[Exercise goal] The answer must consist solely of the lines from the one containing "Présentation de la" through the last line of the records below, repeated exactly, with all pictures omitted.

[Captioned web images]
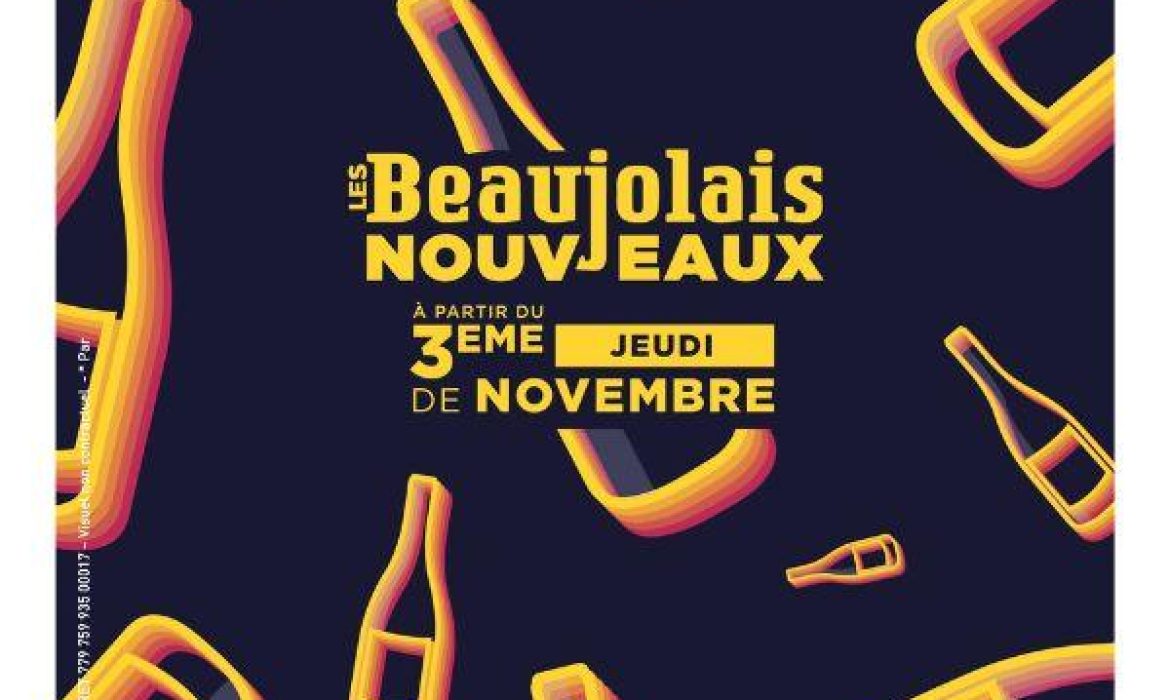 Le Beaujolais Nouveau est arrivé !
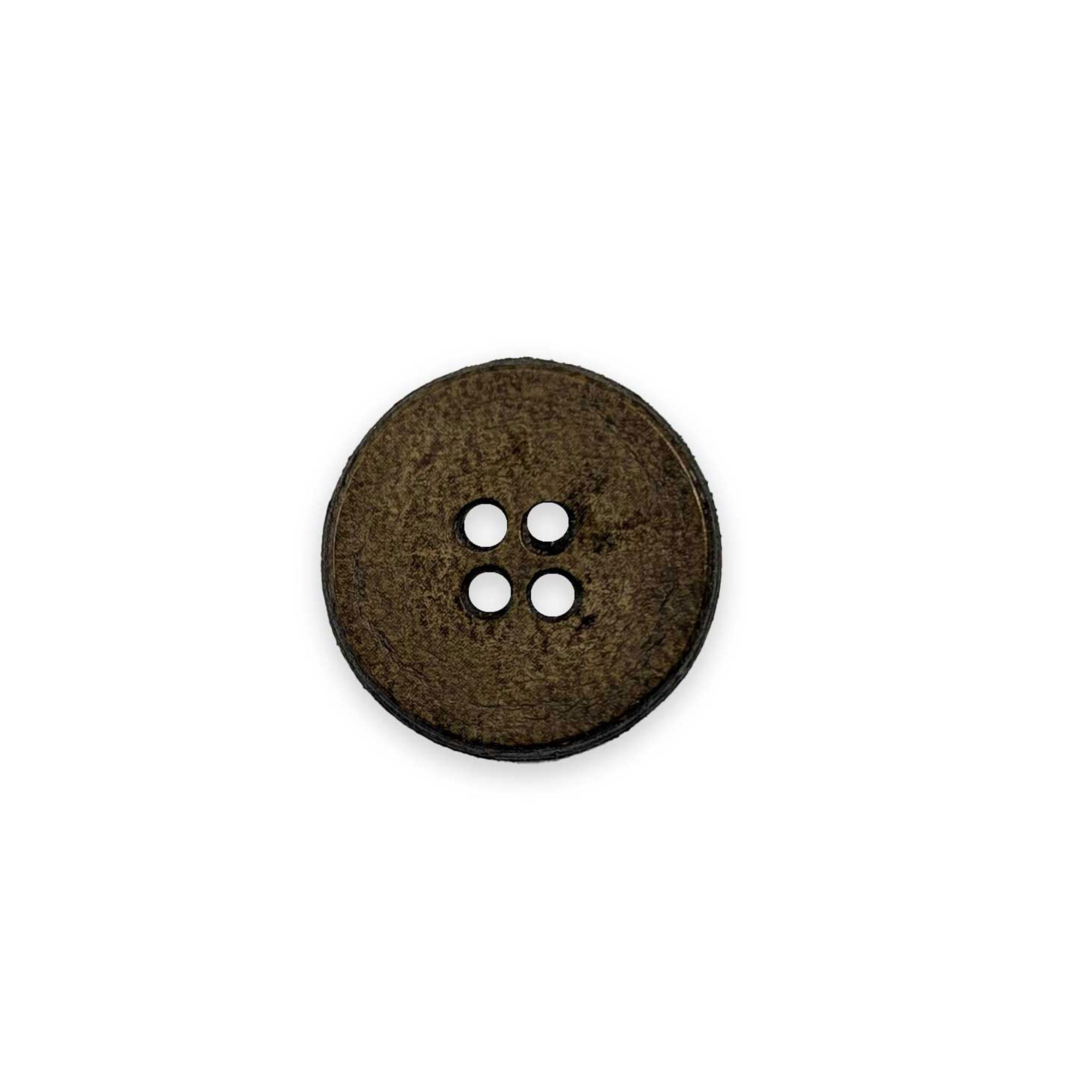 Wooden Striated Button 4 Holes Lin 34 Image
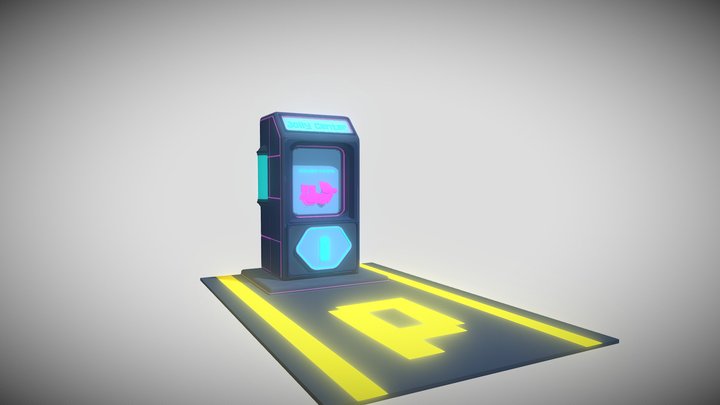 Jolly Center - Arcomia 3D Model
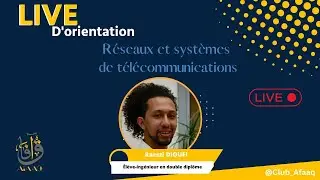 Présentation de la filière réseau et système de télécommunication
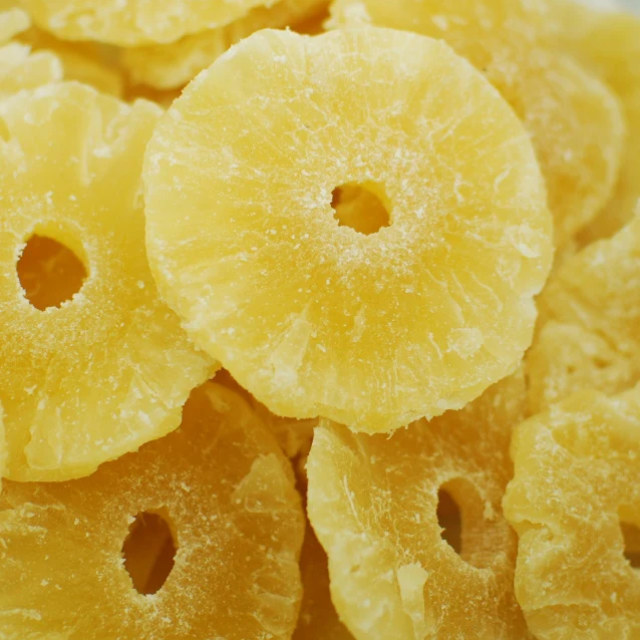 Soft Dried Pineapple Less Sugar from Vietnam Factory – Healthy Reduced Sugar Snack, OEM & ODM Available, Natural Sweet & Tangy  - Image 3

[Finished task]
 Présentation de la filière réseau et système de télécommunication
 Soft Dried Pineapple Less Sugar from Vietnam Factory – Healthy Reduced Sugar Snack, OEM & ODM Available, Natural Sweet & Tangy  - Image 3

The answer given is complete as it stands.